How to create <!DOCTYPE> with Python's cElementTree
You could set xml_declaration argument on write
function to False
, so output won't have xml declaration with encoding, then just append what header you need manually. Actually if you set your encoding as 'utf-8' (lowercase), xml declaration won't be added too.
import xml.etree.cElementTree as ElementTree
tree = ElementTree.Element('tmx', {'version': '1.4a'})
ElementTree.SubElement(tree, 'header', {'adminlang': 'EN'})
ElementTree.SubElement(tree, 'body')
with open('myfile.tmx', 'wb') as f:
f.write('<?xml version="1.0" encoding="UTF-8" ?><!DOCTYPE tmx SYSTEM "tmx14a.dtd">'.encode('utf8'))

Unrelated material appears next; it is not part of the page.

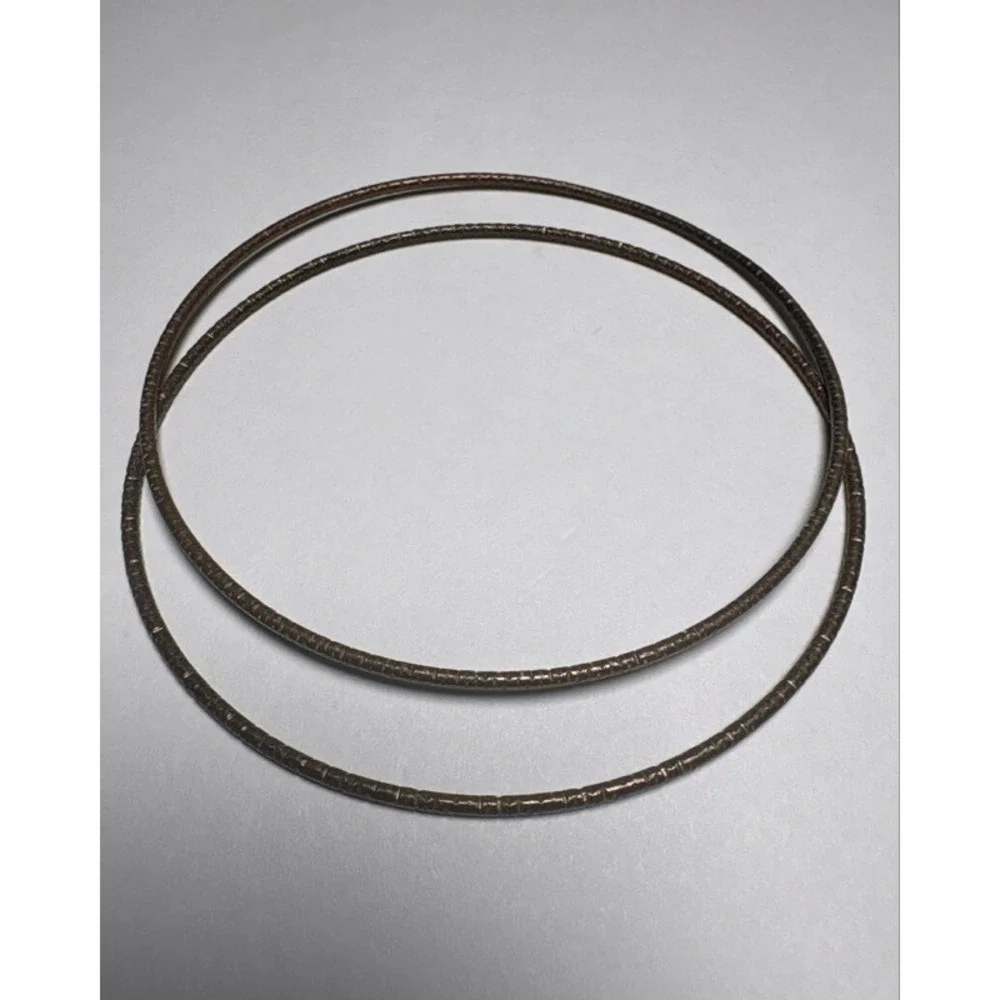 Bronze Tone Textured Bangle Bracelet Set 7pc Floral Hammered Twisted Stackable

ElementTree.ElementTree(tree).write(f, 'utf-8')
Resulting file (newlines added manually for readability):
<?xml version="1.0" encoding="UTF-8" ?>
<!DOCTYPE tmx SYSTEM "tmx14a.dtd">
<tmx version="1.4a">
<header adminlang="EN" />
<body />
</tmx>
You could use lxml and its tostring
function:
from lxml import etree
s = """<?xml version="1.0" encoding="UTF-8"?>
<tmx version="1.4a"/>"""
tree = etree.fromstring(s)
header = etree.SubElement(tree,'header',{'adminlang': 'EN'})
body = etree.SubElement(tree,'body')
print etree.tostring(tree, encoding="UTF-8",
xml_declaration=True,
pretty_print=True,
doctype='<!DOCTYPE tmx SYSTEM "tmx14a.dtd">')
=>
<?xml version='1.0' encoding='UTF-8'?>
<!DOCTYPE tmx SYSTEM "tmx14a.dtd">
<tmx version="1.4a">
<header adminlang="EN"/>
<body/>
</tmx>